Ploki wrote:I always want dry tracks.
Plugins may be great, but your monitoring probably isn't, and usually when i get wet projects and client come into the studio their jaws drop at how different it sounds in reality than on their (usually flawed) system, even compared to references they supposedly followed.
Also there are a lot of tricks i pull off on reverbs/delays to make space for the main vocal track. When you slam that into -9LUFS, all the peaks are squashed and all the wet crud sounds louder than it's supposed to be.

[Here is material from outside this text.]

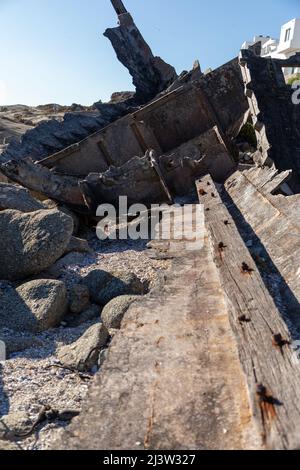Selektiver Fokus auf den zerfallenden Fiberglas-Teil des Rumpfes eines alten Schiffswracks, der zwischen Felsen gestrandet ist Stockfoto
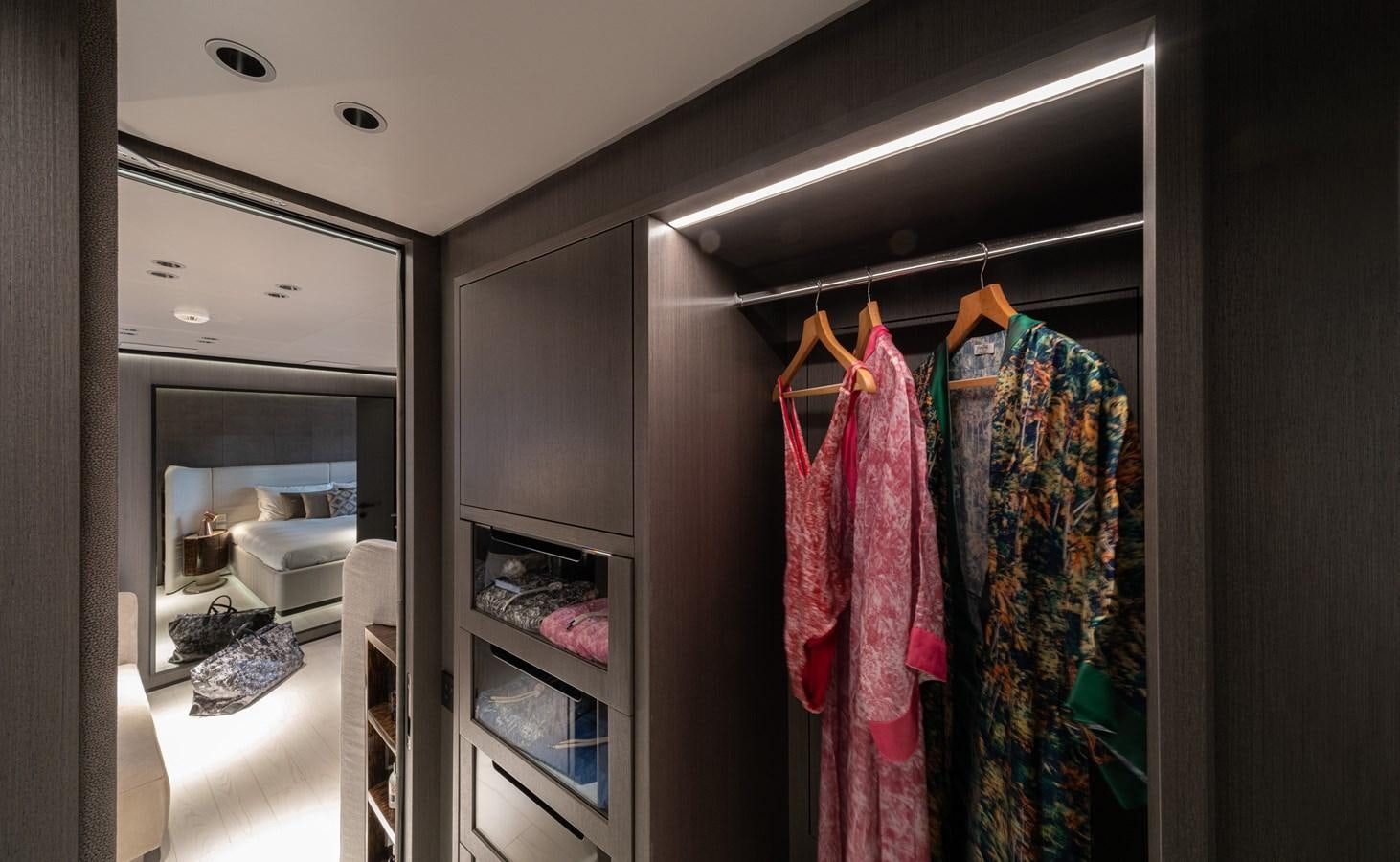 clothes on a rack aboard MANGUSTA MAXIOPEN 104 REV #04 - EREIVA - CAREFULLY USED Yacht for Sale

I often sidechain reverb sends or do some weird m/s compression things on them, EQ them separately, and always use a differently processed track to send to reverbs than i use as a main track.
I don't need wet tracks because they don't really do much for me, but i do always like a demo with the tracks of how producer envisioned it, and ask if there are specific wishes to delay time or do i have a certain degree of freedom.
I ask for preset settings if we share some plugins, or just ask them to send projects if they work in Logic.
fisherking wrote:if you're going to mix this yourself, leave headroom... and get the mixes mastered by a pro. if you're looking for a mix engineer... worth talking to people here, or check out: https://soundbetter.com, a great resource.
Atlas007 wrote:AFAIK, even if they could relate, gain staging and headroom are different concepts.
Gain staging is critical in analog realm, in order (mainly) to achieve the highest audio/noise ratio as possible, which noise pertain (solely/mainly) to an analog recording environment.
Headroom is the available space (dB) to increase level before clipping, which is crucial when comes the time to master and is most of the time a definite no-no in digital recording environment.
ChromeCrescendo wrote:Now, a question about headroom - I am probably misunderstanding something David has stated (or I think he has stated) on the boards here but, he said with digital recording in the box, there is no need for "gain staging"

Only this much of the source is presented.